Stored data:
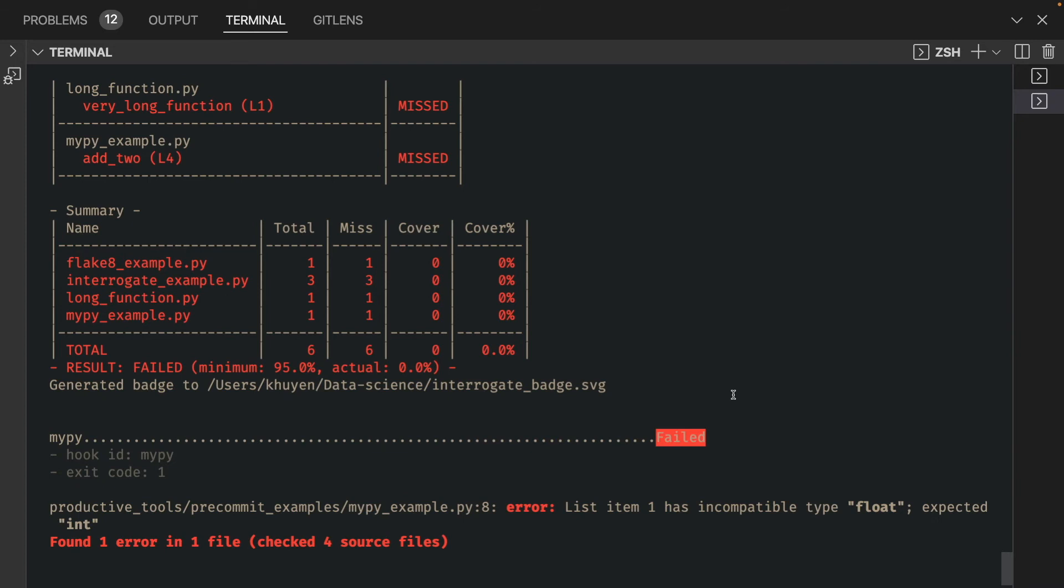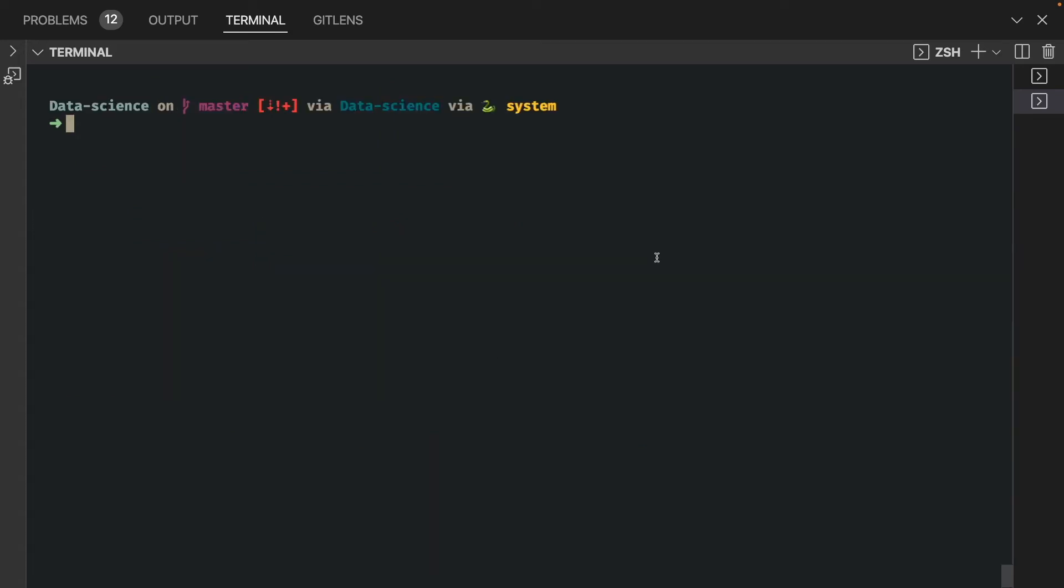Pre-commit will not let us commit until we fix all of the errors in our files. If you want to commit anyway and ignore all the errors, just run git commit with the argument no verify.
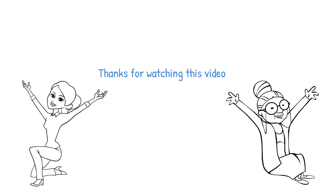Hope this video would have helped you gain some tips to create resume. Thanks for watching this video.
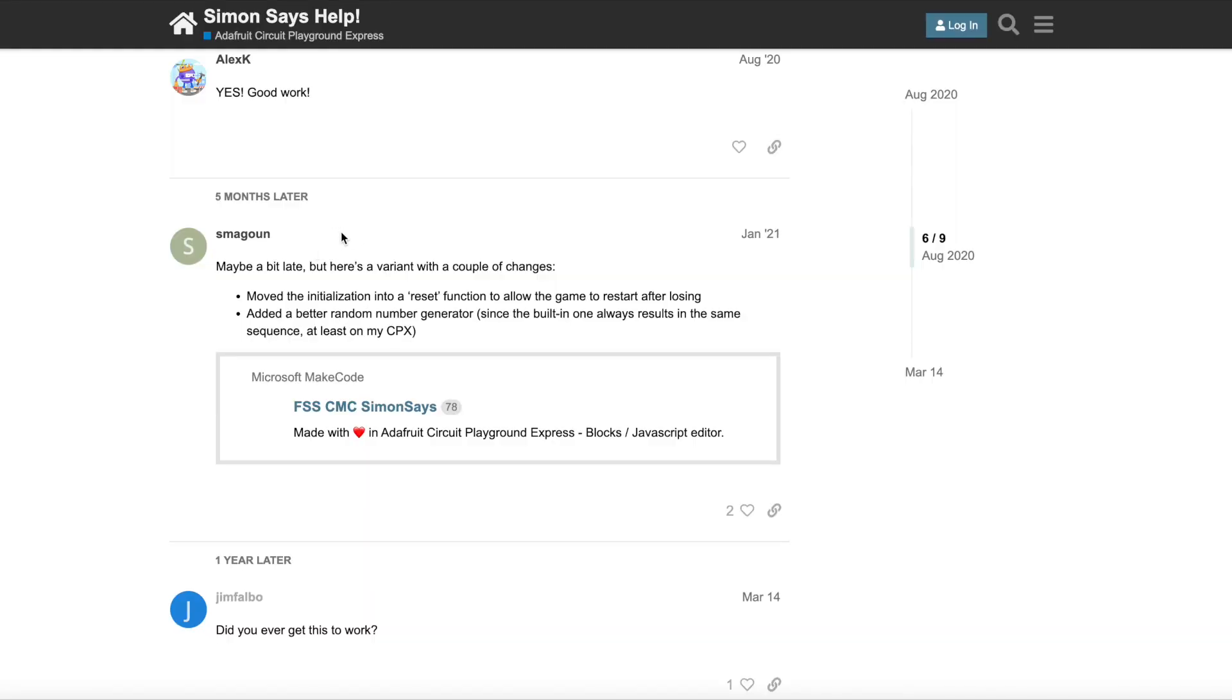Hello, so here is someone named Smagown, and they wrote FSS CMC Simon Says, and it was made with the Adafruit Circuit Playground Express using that block editor, and it also does JavaScript as well. And I wanted to show you that it's really fun when it's loaded up on the Adafruit.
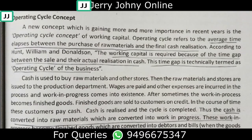Hello friends. In this material we cover the operating cycle concept, which is a very important element of working capital management. The necessity of working capital arises because of the operating cycle. This simple idea states that the operating cycle refers to the average time between purchase of raw materials and final cash realization.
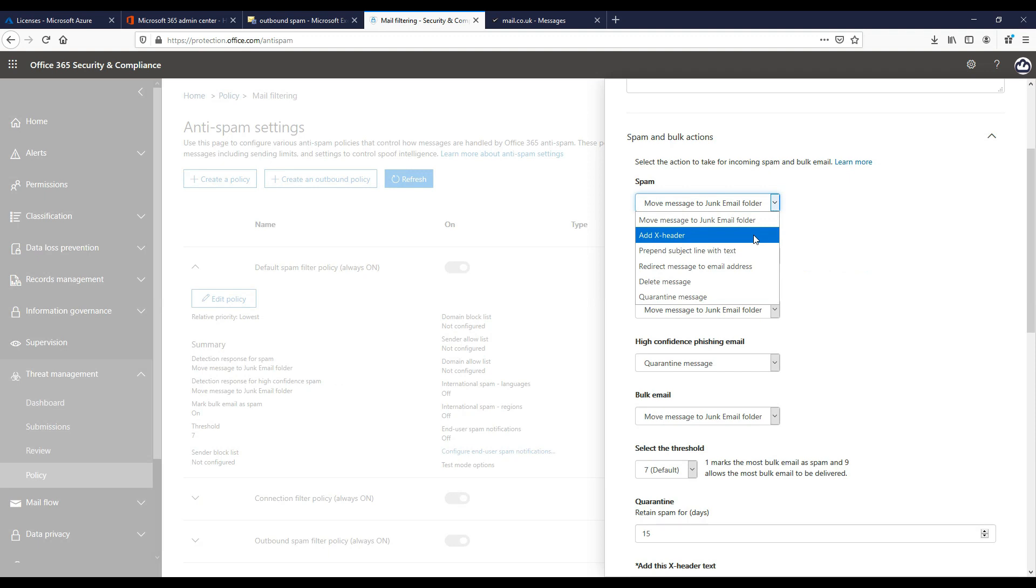We can redirect messages to an email address so we can view all the spam that's being blocked. We can delete the message, so only use this option when you're sure you won't miss a real message. Or we can quarantine the message. This is a popular option to put messages into quarantine and notify users that this is the case. With quarantine spam we would configure end user spam notifications. We can take a look at these settings later on within the video.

● Task description
For every record above, repeat the text exactly and omit any picture.

● Completed exercise
Pre-commit will not let us commit until we fix all of the errors in our files. If you want to commit anyway and ignore all the errors, just run git commit with the argument no verify.
Hope this video would have helped you gain some tips to create resume. Thanks for watching this video.
Hello, so here is someone named Smagown, and they wrote FSS CMC Simon Says, and it was made with the Adafruit Circuit Playground Express using that block editor, and it also does JavaScript as well. And I wanted to show you that it's really fun when it's loaded up on the Adafruit.
Hello friends. In this material we cover the operating cycle concept, which is a very important element of working capital management. The necessity of working capital arises because of the operating cycle. This simple idea states that the operating cycle refers to the average time between purchase of raw materials and final cash realization.
We can redirect messages to an email address so we can view all the spam that's being blocked. We can delete the message, so only use this option when you're sure you won't miss a real message. Or we can quarantine the message. This is a popular option to put messages into quarantine and notify users that this is the case. With quarantine spam we would configure end user spam notifications. We can take a look at these settings later on within the video.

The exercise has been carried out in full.